The site uses Amazon affiliate links.
There have been a few similar projects [1] [2] which create lists from links to Amazon and other stores. MFF differs by only using data from Ask HN threads about books and using book titles (or acronyms like GEB or SCIP) since most comments on those threads don’t include links. More about the data can be found on the About page.
This is also my first Elixir + Phoenix project, which was a joy to use once I got moving.
Hopefully that makes most of the bookmarking easier. I'll work on a solution for other pages later today!
I don't always remember to do this though so that's why getting these review recommendations from GoodReads (for example) would be ideal.

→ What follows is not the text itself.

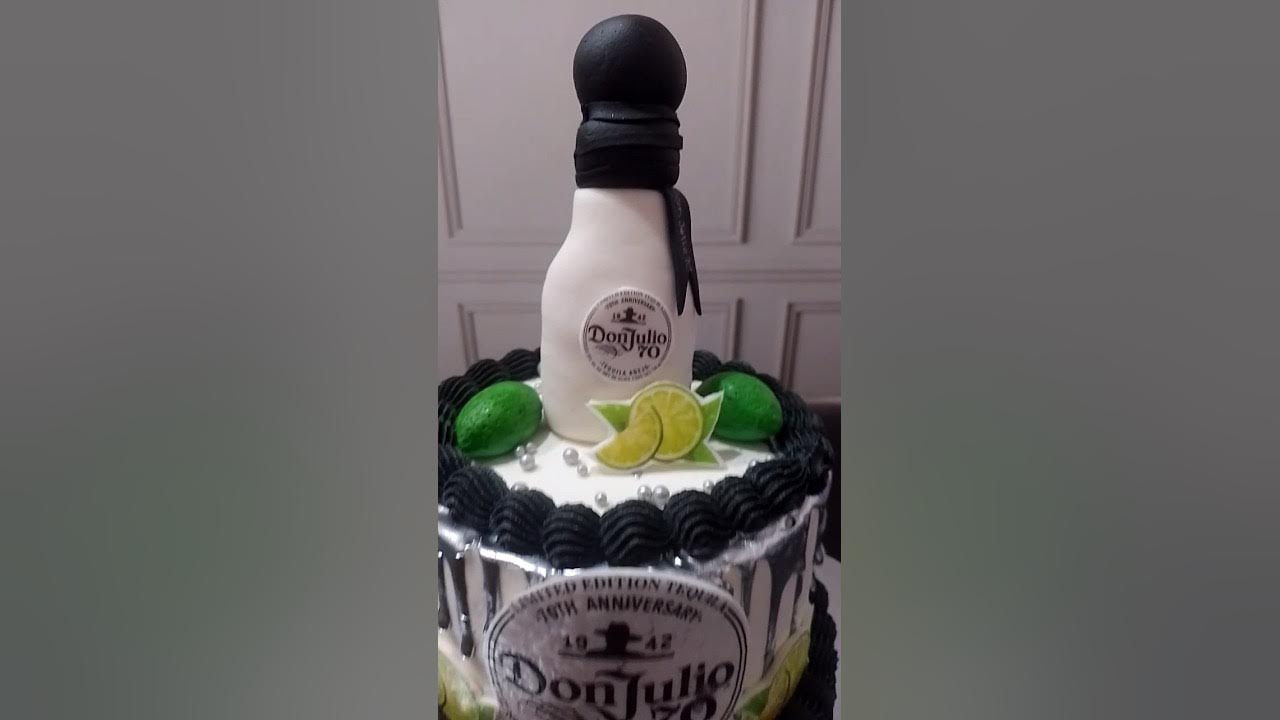 ✨?PASTEL DON JULIO 70?✨#Donjulio70 #cakeshorts #cakedecorating #tequila  #cakes - YouTube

For example, parts of Thinking Fast and Slow have widely been discredited and the author has walked back claims. But you wouldn't know that from the book or its popularity.
Curious what's different under the hood.
Tangentially related, it would be interesting to require book recommendations to always come with anti-recommendations, i.e. which books not to read. Often, I feel like there's a bias towards recommending books, after oneself committed to reading them. If I were asked to list the top 50% of books I've read (without counting), I'd probably list more than 50% of books I read.
This also seems useful at aggregating different perspectives on the same book depending on the context of the thread it was mentioned in.
Have a few books on the way now :)
How is the site itself built? Is it a static page or do you have some sort of backend?
I did something very similar for a local podcast that gives book/movie/music/etc recommendations a while ago: https://enpassant.tk/ . It is statically-built with Ruby.
The site is a Phoenix app (Elixir's popular web framework) with PostgreSQL. The pages are just Phoenix templates and I let Cowboy, the default HTTP server for Phoenix, serve the app directly... so it's not sitting behind NGINX or any similar web server that's frequently used as a reverse proxy.
I used Bulma as for the CSS, just to try something I haven't used before.
The only line of JS is in the dropdown menu's onChange tag, to submit the "form" when you select a book category.
I like the UI on En Passant! Really clean - great use of icons so I know what the media type is at a glance as I scroll.
In this page https://www.ycombinator.com/legal/ under the Intellectual Property Rights is written:
Except as expressly authorized by Y Combinator, you agree not to modify, copy, frame, scrape, rent, lease, loan, sell, distribute or create derivative works based on the Site or the Site Content, in whole or in part, except that the foregoing does not apply to your own User Content (as defined below) that you legally upload to the Site.
I really wonder if I need to ask for permission from each website about showing some text from their website into mine?
On those pages, books aren't ranked in any particular order, other than trying to pull attention to some slightly buried books that I do personally recommend. I'd love to hear, are there any books you'd add to those pages?
The "Oddities and fun" page is simply a collection of books from my notes that stuck out as interesting while I manually approved all parsed comments and book mentions.
I will however complain that I shouldn't have to recaptcha myself if I took the time to enter my email address, find the email, and click confirm for it. What benefit is there to recaptcha-ing that?
My complaint is in hopes that they will remove that recaptcha for other users who happen to like their privacy and don't let their browser sell everything to mailchimp.
Edit: I will correct myself in that it looks like they may not have a choice according to https://mailchimp.com/help/about-recaptcha-for-signup-forms/
Testing an email alias of mine in incognito mode _looks_ like it's gone for me. Thanks again for bringing this up.
[0] https://mailchimp.com/help/about-recaptcha-for-signup-forms/...
Edit: It no longer recaptchas me, thanks!
Clicking on the confirmation is only proves that you own that email. I could easily automate all of the steps that you said except captcha.
So now a robot is on a mailing list. Why is that a bad thing? You may only want human eyeballs I suppose if you were somehow making a profit off knowing your audience was all humans a la broadcast radio advertising rates based on estimated audience size, but OP is using amazon affiliate links, not ads, so that argument is out of scope?